▸ **Your instructions**:
Using the data below, transcribe exactly everything from the line that contains "Hey guys, what's" down to the line that contains "If you are interested". Include both of those lines and none of the pictures.

++++ Available records

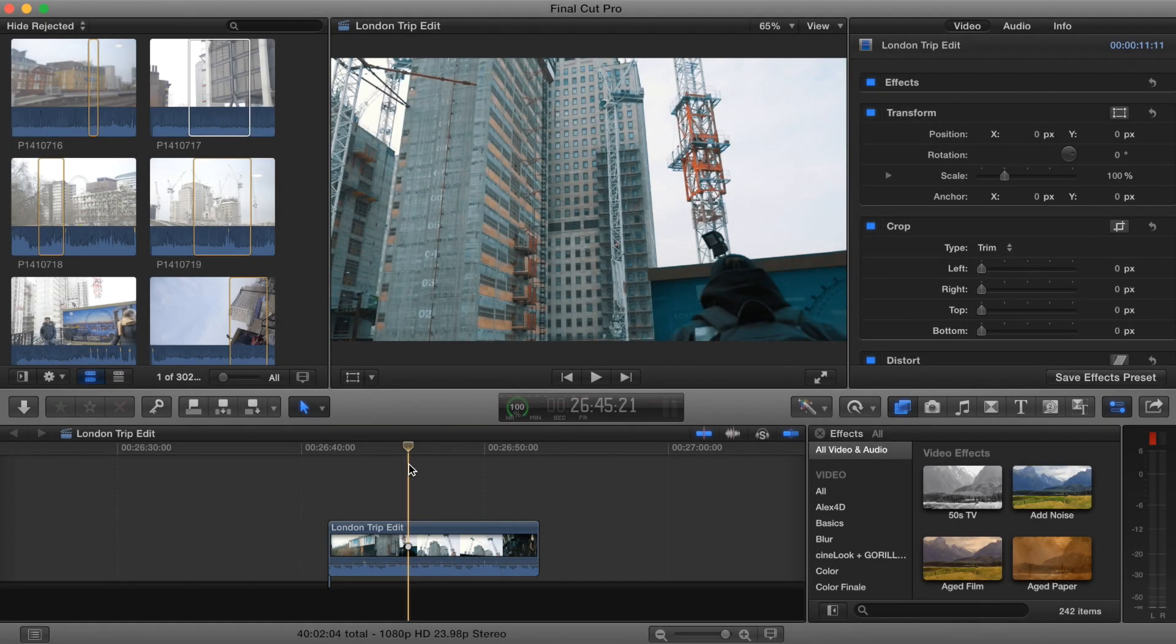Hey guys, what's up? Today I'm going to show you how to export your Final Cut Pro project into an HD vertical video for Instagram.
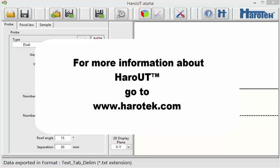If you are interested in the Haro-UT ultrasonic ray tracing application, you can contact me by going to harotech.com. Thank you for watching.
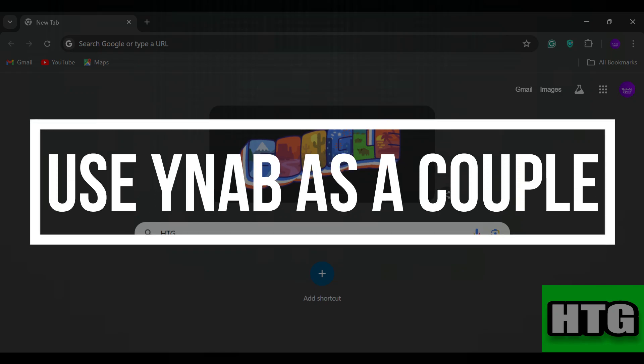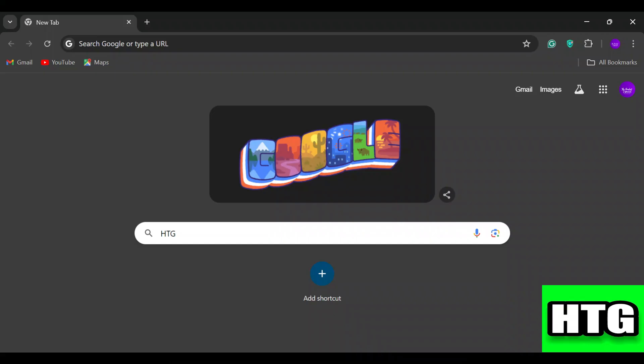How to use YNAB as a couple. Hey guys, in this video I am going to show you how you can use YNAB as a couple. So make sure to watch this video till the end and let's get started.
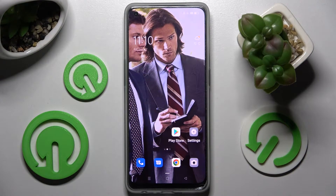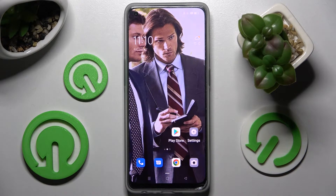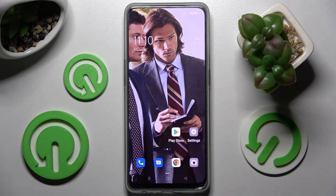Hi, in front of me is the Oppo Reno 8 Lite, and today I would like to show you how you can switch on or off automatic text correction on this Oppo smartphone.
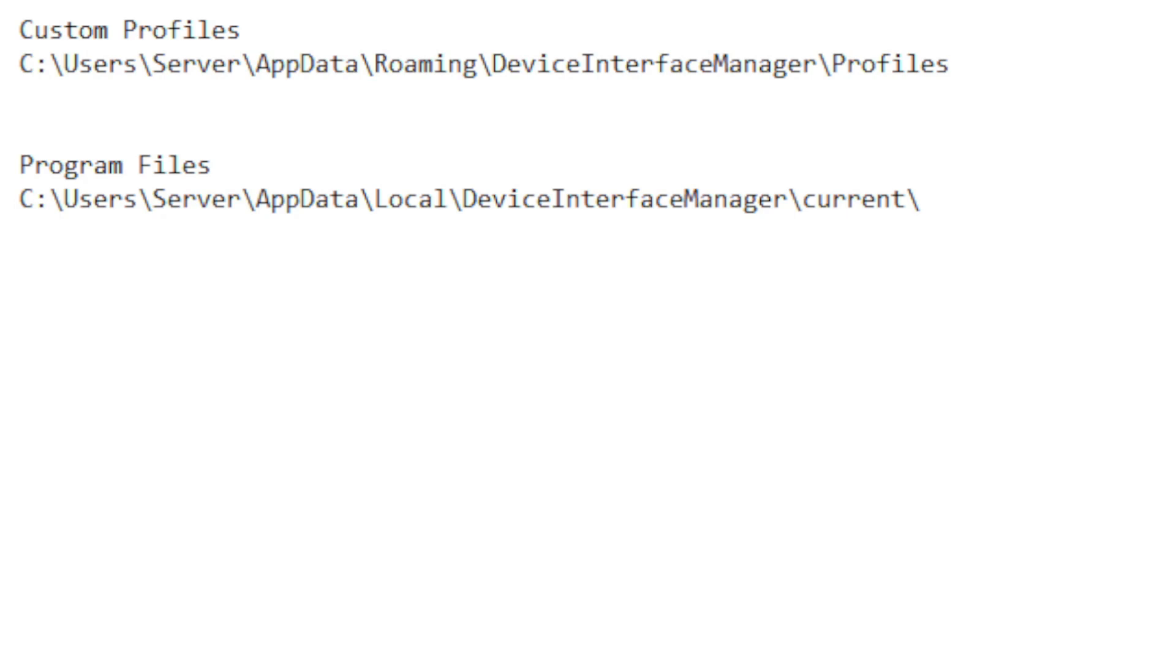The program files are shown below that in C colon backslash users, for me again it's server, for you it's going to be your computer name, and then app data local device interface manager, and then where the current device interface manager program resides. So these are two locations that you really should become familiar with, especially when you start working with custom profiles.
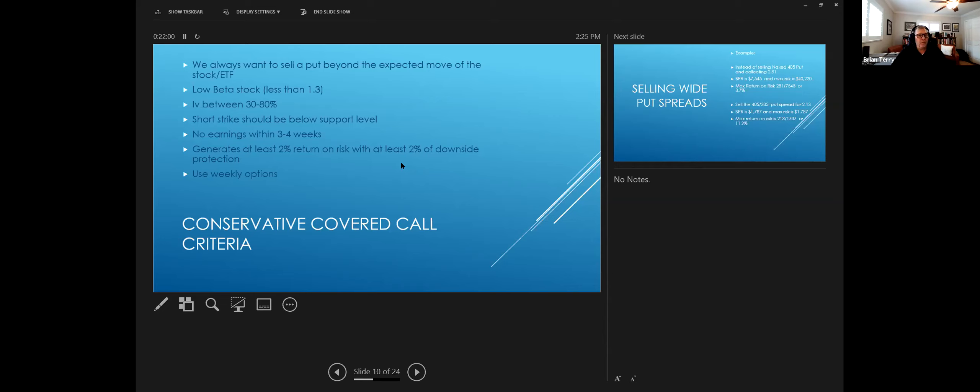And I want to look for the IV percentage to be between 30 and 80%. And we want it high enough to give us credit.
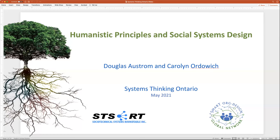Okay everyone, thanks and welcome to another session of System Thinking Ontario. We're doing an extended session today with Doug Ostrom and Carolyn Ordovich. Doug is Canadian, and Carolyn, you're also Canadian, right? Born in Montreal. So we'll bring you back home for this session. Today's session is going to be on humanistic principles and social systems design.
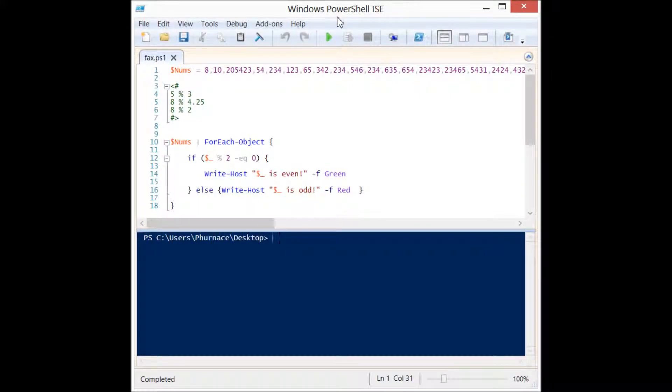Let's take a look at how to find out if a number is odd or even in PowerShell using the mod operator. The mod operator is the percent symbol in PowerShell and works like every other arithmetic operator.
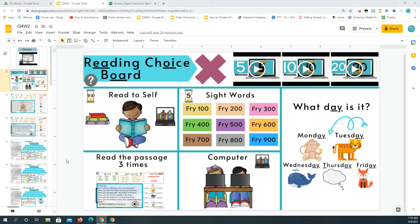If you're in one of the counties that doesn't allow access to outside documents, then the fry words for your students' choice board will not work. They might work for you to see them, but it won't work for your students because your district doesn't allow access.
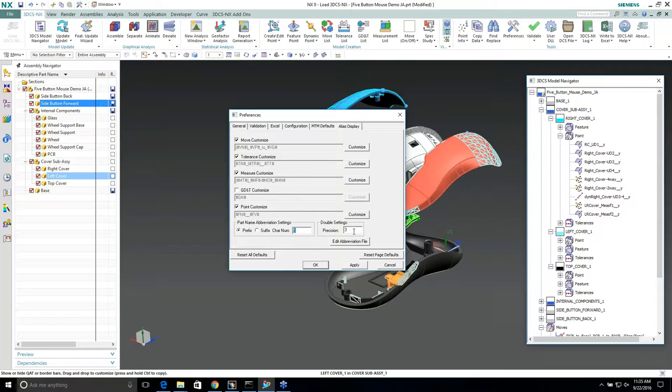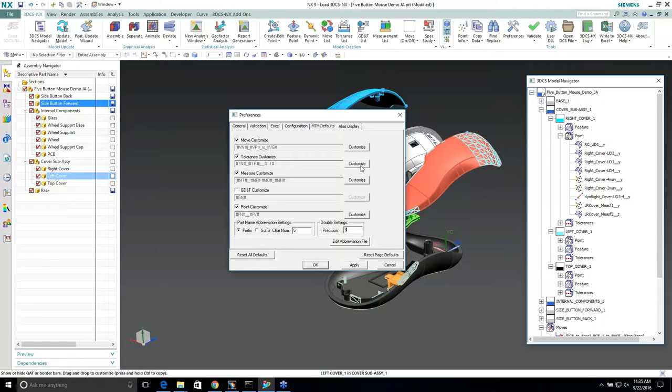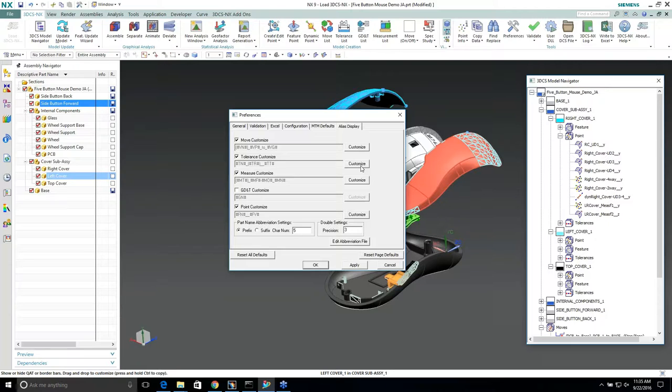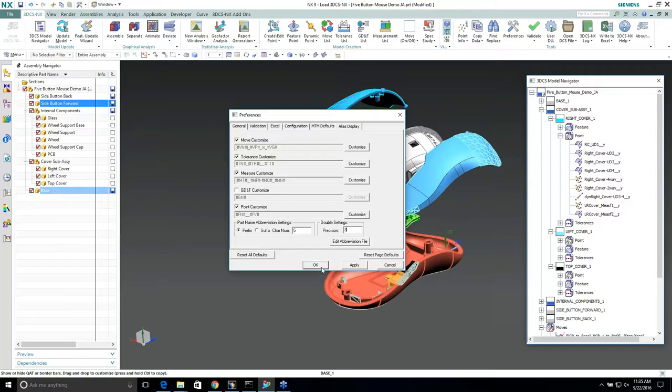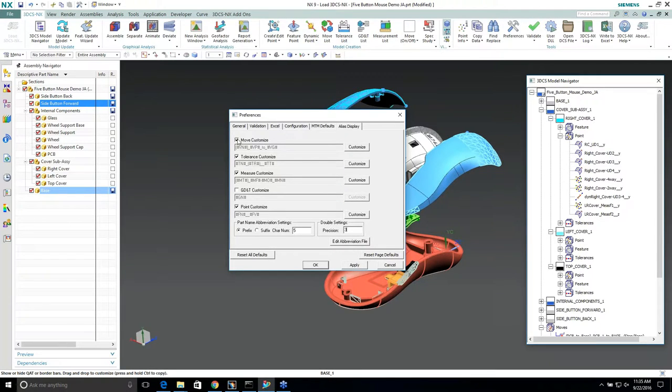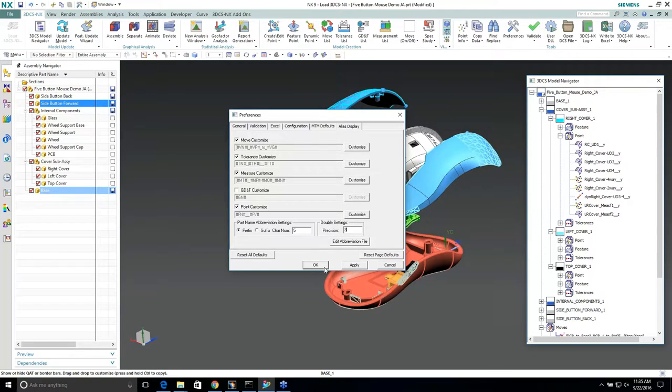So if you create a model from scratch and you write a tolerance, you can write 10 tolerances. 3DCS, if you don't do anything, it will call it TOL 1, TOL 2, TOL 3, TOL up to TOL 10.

++++++++
++++ Available records

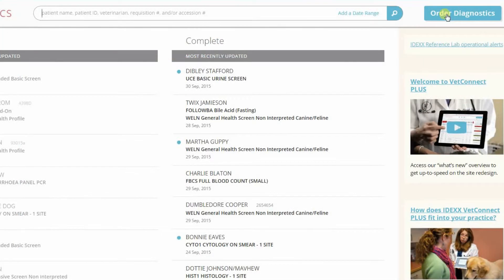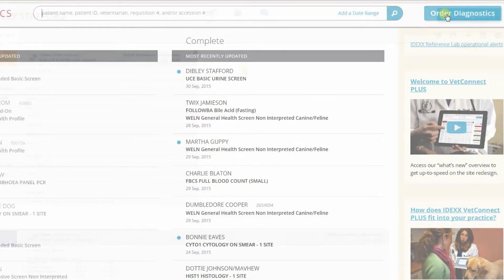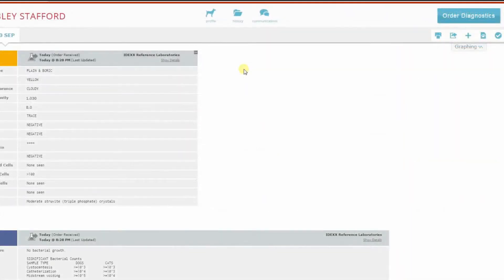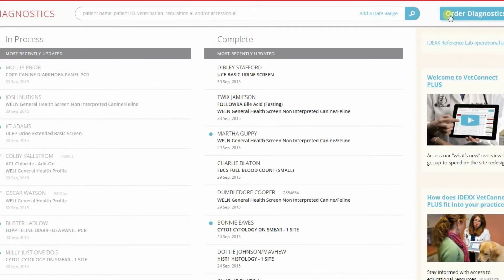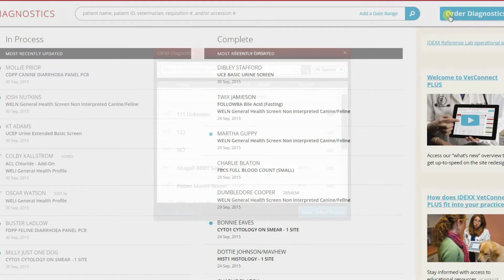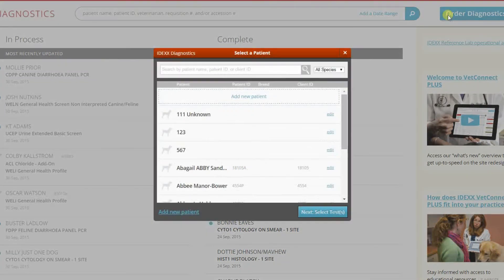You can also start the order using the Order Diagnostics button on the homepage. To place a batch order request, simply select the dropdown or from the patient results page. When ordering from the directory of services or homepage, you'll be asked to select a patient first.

++++++++
++++ Available records

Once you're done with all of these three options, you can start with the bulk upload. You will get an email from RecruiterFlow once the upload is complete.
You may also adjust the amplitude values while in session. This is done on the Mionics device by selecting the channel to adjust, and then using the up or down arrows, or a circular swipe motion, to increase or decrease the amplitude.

++++++++

▸ **Answer below**:
Hey guys, what's up? Today I'm going to show you how to export your Final Cut Pro project into an HD vertical video for Instagram.
If you are interested in the Haro-UT ultrasonic ray tracing application, you can contact me by going to harotech.com. Thank you for watching.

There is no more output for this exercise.